The rationale behind the federal law is twofold: First, China, which exerts control over ByteDance and its algorithm for feeding videos to TikTok users, is capable of covertly manipulating content on TikTok to undermine U.S. democracy. Second, it can use the app to gather users’ sensitive personal data.

During the Jan. 10 Supreme Court arguments in the challenge to the law, Justice Brett M. Kavanaugh cited the data-collection interest.

“I think Congress and the president were concerned that China was accessing information about millions of Americans, tens of millions of Americans, including teenagers, people in their 20s, that they would use that information over time to develop spies, to turn people, to blackmail people—people who, a generation from now, will be working in the FBI or the CIA or in the State Department,” Kavanaugh said.

The court’s unsigned opinion reflects both the urgent posture of the case and the uncertainties of evolving internet technologies.

“We are conscious that the cases before us involve new technologies with transformative capabilities,” the court said. “This challenging new context counsels caution on our part.”

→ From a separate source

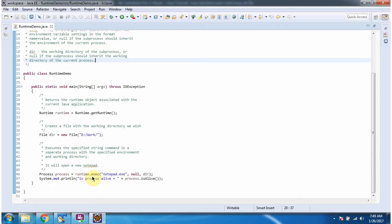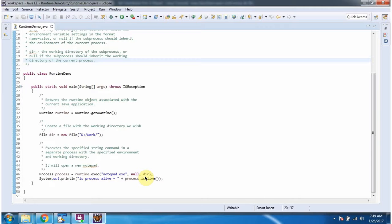Then I am calling the execute method of the Runtime object. I am passing the command as notepad.exe, an array of environment variable settings as null, and the directory location as D:\work folder.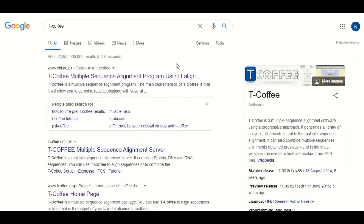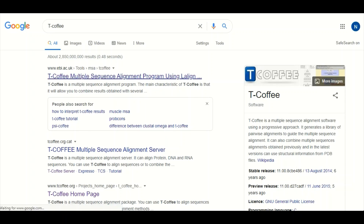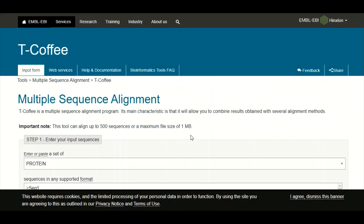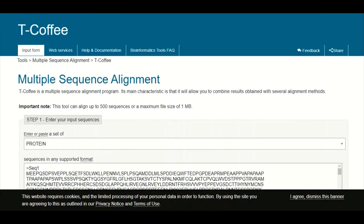Let's first use T-Coffee. There are different versions of T-Coffee available on the internet, but for this tutorial we are going to use the version available on the ebi.ac.uk website. When you click on it, you will move to the next page dedicated to multiple sequence alignment.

The court determined that the law, officially the Protecting Americans from Foreign Adversary Controlled Applications Act, is content-neutral and its challenged provisions satisfy an intermediate level of First Amendment scrutiny.

Justice Neil M. Gorsuch concurred only in the outcome of the case, but did not agree with all of its First Amendment conclusions. He said: “I harbor serious reservations about whether the law before us is content neutral and thus escapes strict scrutiny,” or the highest level of constitutional analysis.

The court said the law was justified by the federal government’s concern about preventing China from collecting “vast amounts” of data from TikTok’s users in the United States.

Whatever the legal arguments, many educators don’t believe a TikTok ban will solve their social media and cellphone woes. Students will find another platform to use constantly, they say.

“I don’t think kids are magically going to pay so much more attention in class or anything like that,” said Patrick Greene, the principal of Greene Central High School in Snow Hill, N.C. “I think something will pop up and take its place. I don’t anticipate I’ll see a dramatic change in schools because of the ban.”